** Records provided **
»»

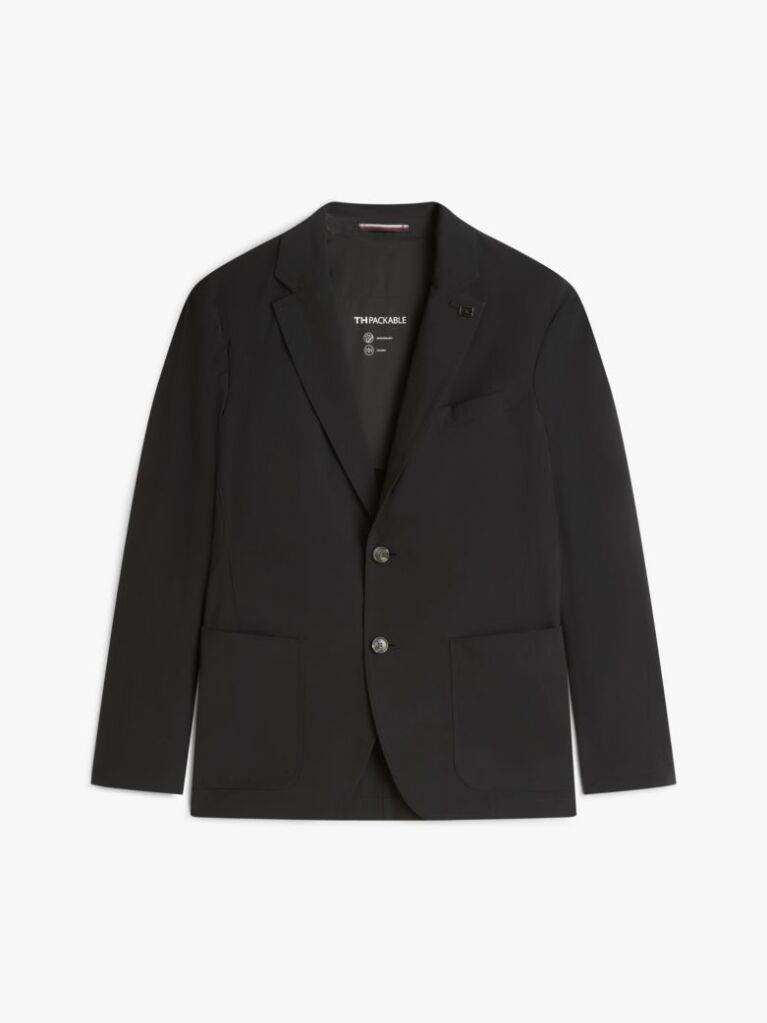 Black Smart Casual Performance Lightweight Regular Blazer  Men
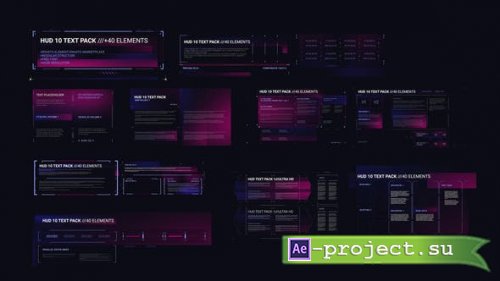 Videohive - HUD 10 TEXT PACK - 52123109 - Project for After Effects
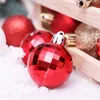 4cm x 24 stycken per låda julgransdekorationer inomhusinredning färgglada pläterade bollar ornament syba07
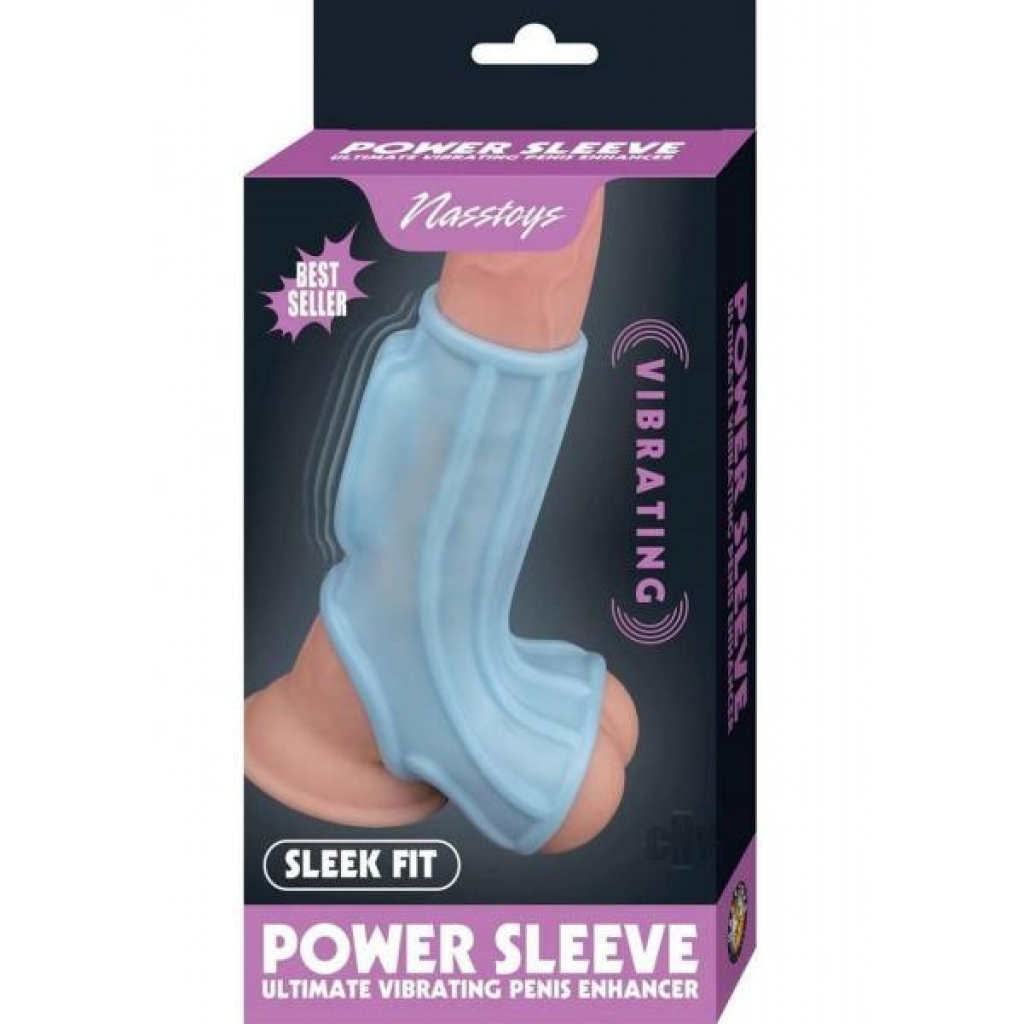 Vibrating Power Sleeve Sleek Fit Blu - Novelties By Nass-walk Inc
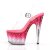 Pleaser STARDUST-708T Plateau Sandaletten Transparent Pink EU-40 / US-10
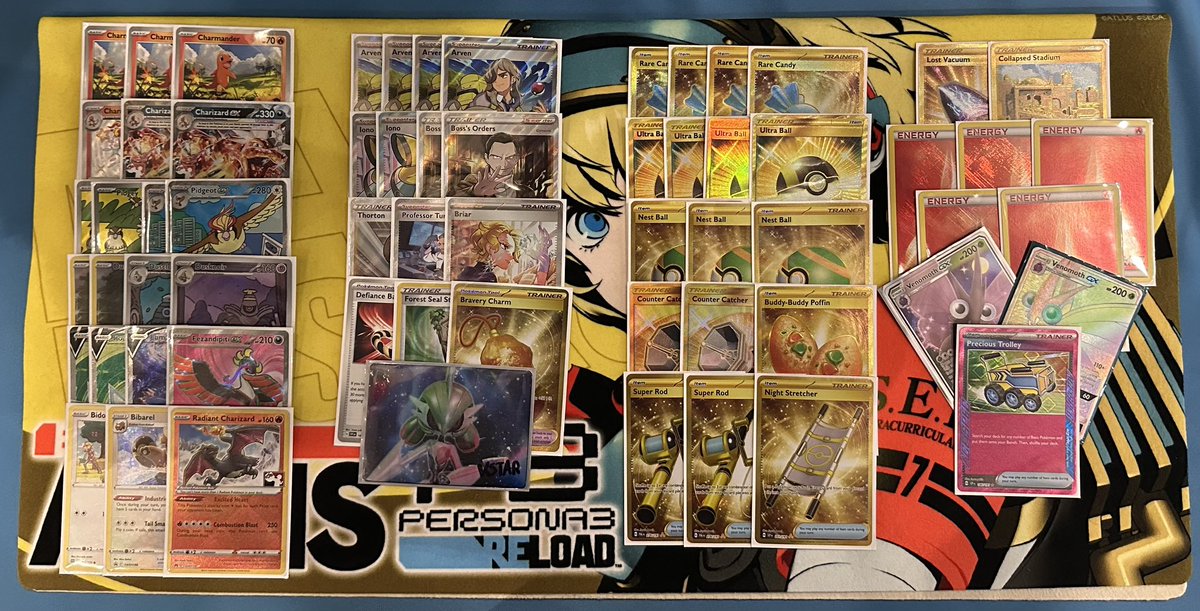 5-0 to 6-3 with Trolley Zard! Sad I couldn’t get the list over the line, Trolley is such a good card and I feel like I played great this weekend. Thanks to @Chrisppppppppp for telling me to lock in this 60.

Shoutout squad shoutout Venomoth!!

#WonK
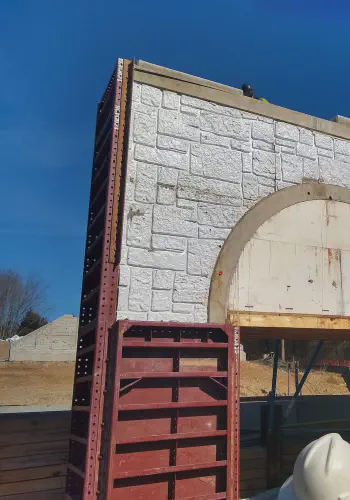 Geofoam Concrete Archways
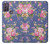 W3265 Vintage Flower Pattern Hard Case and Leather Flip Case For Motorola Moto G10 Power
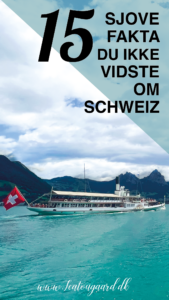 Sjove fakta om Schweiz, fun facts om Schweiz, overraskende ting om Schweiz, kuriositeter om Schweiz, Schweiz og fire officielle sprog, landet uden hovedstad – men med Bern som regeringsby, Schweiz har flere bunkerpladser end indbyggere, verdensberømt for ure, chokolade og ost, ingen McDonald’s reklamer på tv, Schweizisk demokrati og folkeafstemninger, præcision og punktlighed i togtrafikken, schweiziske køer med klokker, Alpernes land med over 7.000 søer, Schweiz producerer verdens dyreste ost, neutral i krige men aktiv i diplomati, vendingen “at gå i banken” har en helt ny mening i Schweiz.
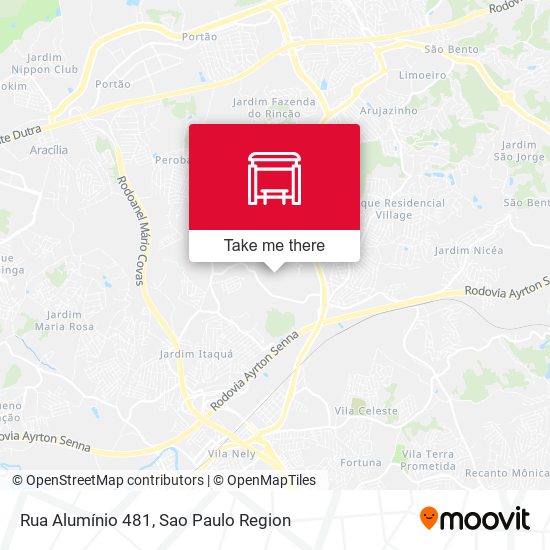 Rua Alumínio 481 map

««
»»

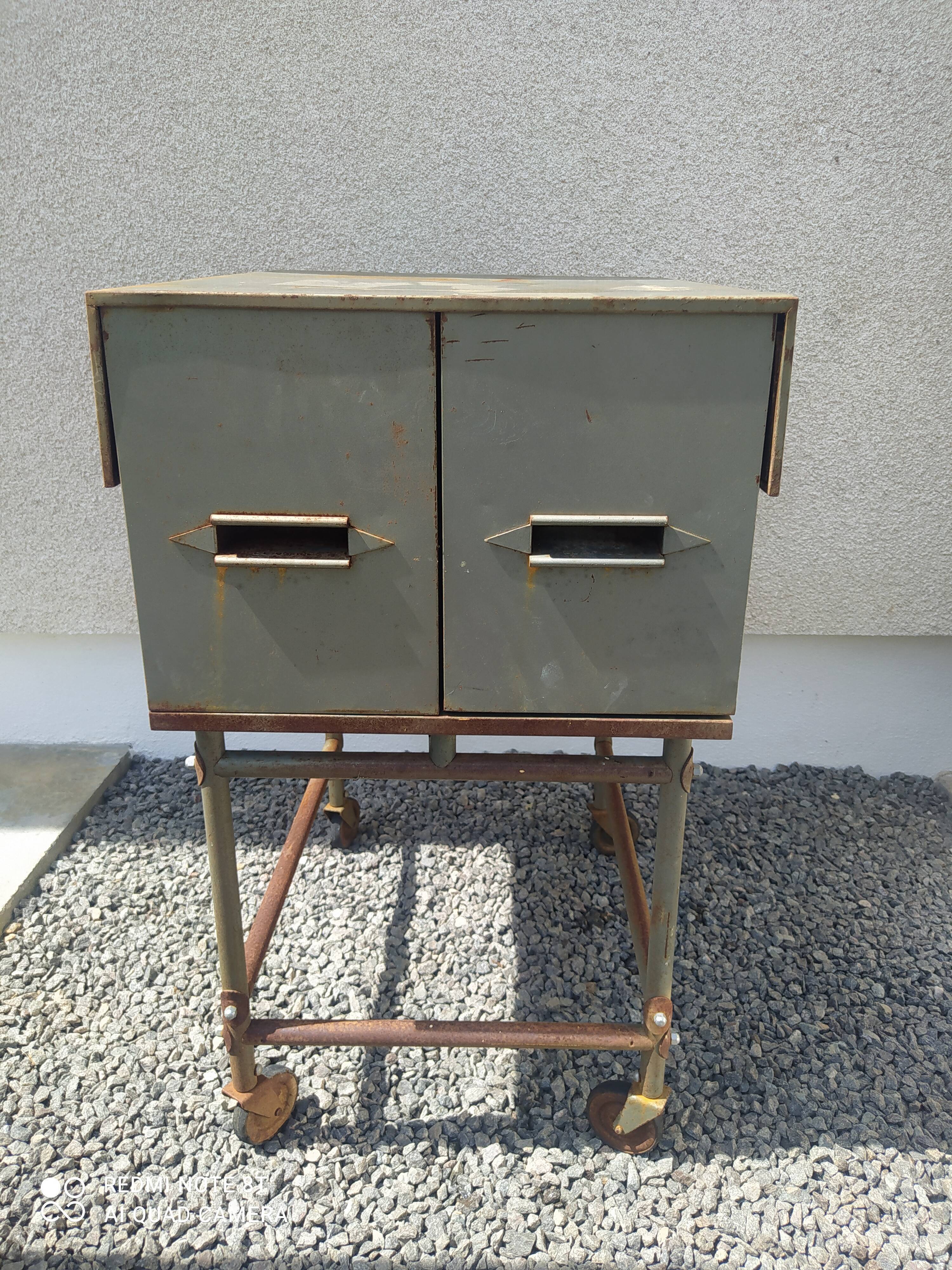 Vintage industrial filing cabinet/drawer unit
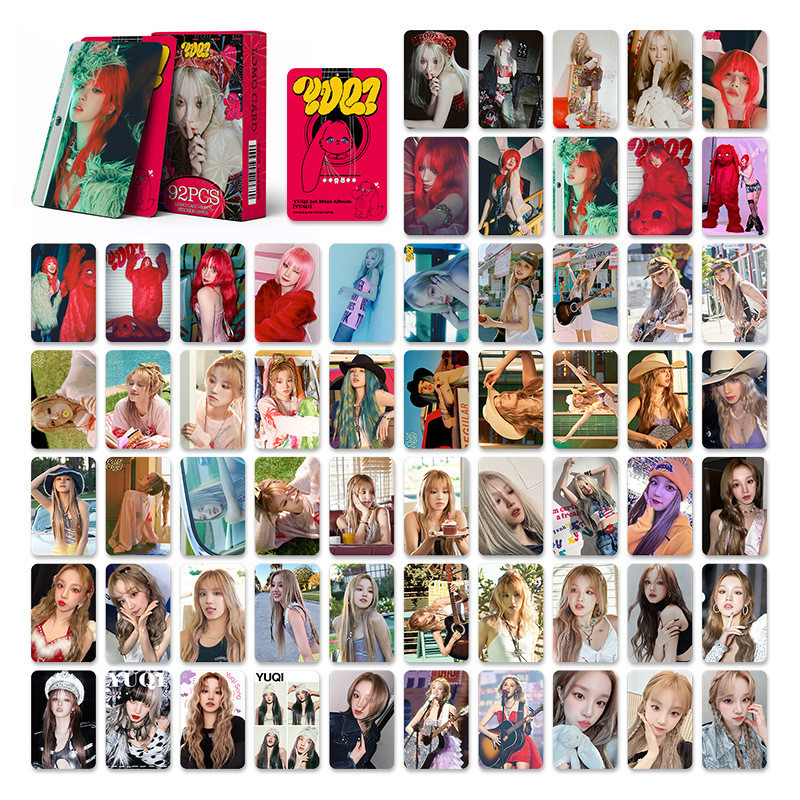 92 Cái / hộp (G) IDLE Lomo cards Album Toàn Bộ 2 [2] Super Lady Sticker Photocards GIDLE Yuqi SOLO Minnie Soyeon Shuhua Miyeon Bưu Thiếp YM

««

** Problem to solve **
Using the entries above, transcribe every line from the line containing "Vintage industrial filing" through the line containing "92 Cái / hộp". Do not copy pictures.

** Exercise response **
 Vintage industrial filing cabinet/drawer unit
 92 Cái / hộp (G) IDLE Lomo cards Album Toàn Bộ 2 [2] Super Lady Sticker Photocards GIDLE Yuqi SOLO Minnie Soyeon Shuhua Miyeon Bưu Thiếp YM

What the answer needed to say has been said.